The Company was incorporated as The Military Company of the Massachusetts. Circa 1690 it began to be referred to as the Artillery Company and then the word Honorable was used along with Artillery. During an Election Day sermon the preacher used the term "this ancient and honorable artillery" and the name has been used since that time (See More)
We Are Open! Faneuil Hall Boston 9:00am to 3:00pm EST Wednesday - Friday Closed Saturday and Sunday and major holidays. Please call before you visit (617) 227-1638!
The Ancient and Honorable Artillery Company of Massachusetts museum and library are located on the 4th floor of historic Faneuil Hall adjacent to Government Center in Boston, Massachusetts. The museum is easily accessible by car and numerous bus routes and the T rail. (Information on directions, parking and public transportation).
We house some of the most significant historical artifacts in the history of the Commonwealth and United States. We invite you to come to historic Faneuil Hall and visit us on the top floor (Level 4). The AHAC museum and armory is a leader in Boston and the community. The museum, library and armory are private, non-profit, military historical institution highly recognized by historians. Once in the Museum you will discover the stories of the Ancients and how they participated in all of America's conflicts.
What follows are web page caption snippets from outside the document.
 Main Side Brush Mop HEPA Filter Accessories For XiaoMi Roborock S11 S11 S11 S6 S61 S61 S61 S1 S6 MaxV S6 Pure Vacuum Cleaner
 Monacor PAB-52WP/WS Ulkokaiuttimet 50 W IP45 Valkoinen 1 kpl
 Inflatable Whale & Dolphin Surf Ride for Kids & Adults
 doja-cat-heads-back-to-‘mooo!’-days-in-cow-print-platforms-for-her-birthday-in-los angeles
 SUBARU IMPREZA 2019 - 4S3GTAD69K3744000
The armory and museum are fully accessible via an elevator on the ground floor of Faneuil Hall. Hours of Operation: 9:00am to 3:00pm EST Wednesday - Friday. Closed Saturday and Sunday and major holidays. NOTE: Children younger than 16 years of age must be accompanied by an adult at all times. Children must be kept under control. No running or horseplay or loud boisterous behavior allowed. Group visits should contact us in advance.
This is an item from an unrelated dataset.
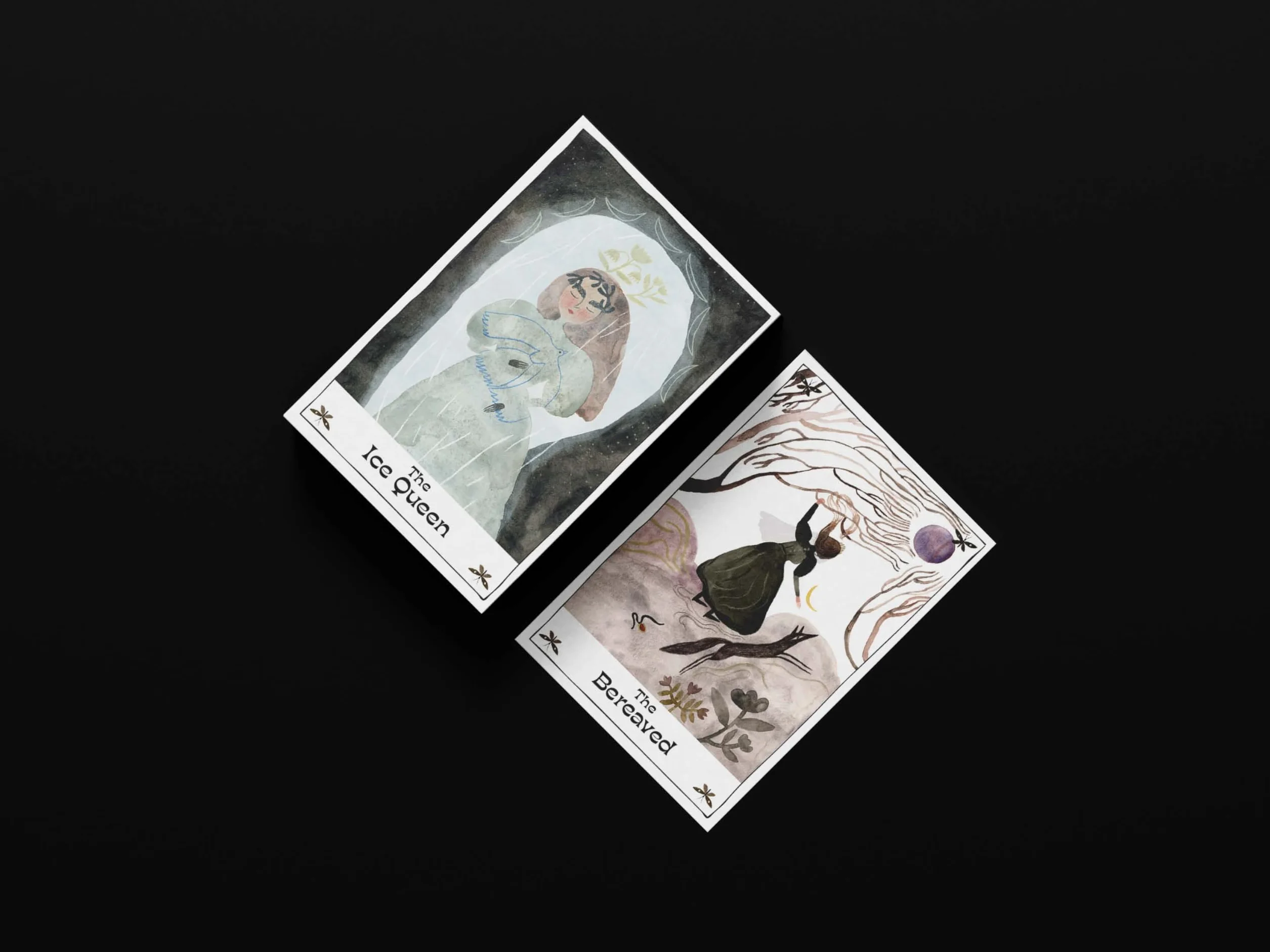 The Witch's Shadow Work Oracle: 40 cards for wandering through the forest of your subconscious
The company was chartered in 1638 by the great and General Court of Massachusetts Bay Colony. Its Headquarters and Armory have been here in Faneuil Hall since 1746. Facing you at the west end of the Armory is the Great Seal of the Commonwealth of Massachusetts. Commissioned in 1897, it is made of one piece of wood and measures seven feet in height and is five feet wide. The Indian (Massasoit) has a slightly different stance in the modern seal. The portraits that go around the upper walls are Past Commanders (PC) of the Ancient and Honorable. Starting on the left end of the room they are in chronological order. Around their neck is the gorget, the symbol of the Commanding Officer. In the days of armor it was the large collar that connected the breast plate to the helmet. An exhibit of the gorget is to your right. In 1899, the Armory was expanded from thirty feet to the present forty eight feet. To celebrate this, the Ancients commissioned five Boston artists to paint thirteen historical paintings. All were painted between 1901 and 1903. The series starts on your right. If you are to ask if the painting of Washington Crossing the Delaware is original...the answer is NO. The original is in the Metropolitan Museum in New York. The painting on the west wall is called "The First Muster". It depicts the Ancients on Boston Common in 1638. A Drum Head Election of officers took place and has been repeated every year. (It is held the first Monday in June...rain or shine!) The stairway to the Commander's Quarters has thirteen steps. The name plates are in the order of that State's ratification of the Constitution. Delaware is first and Rhode Island last. The stairway is called: The Stairway of the Constitution. The flags on the steps represent each state. The flags on the walls are: on the right---the Cross of St. George down to the Star Spangled Banner. The tell the story of the United States flag. On the left---are flags of the Colonial and Revolutionary War period. The objects in the Museum Room are treasurers and historical pieces accumulated by the Ancients over the years.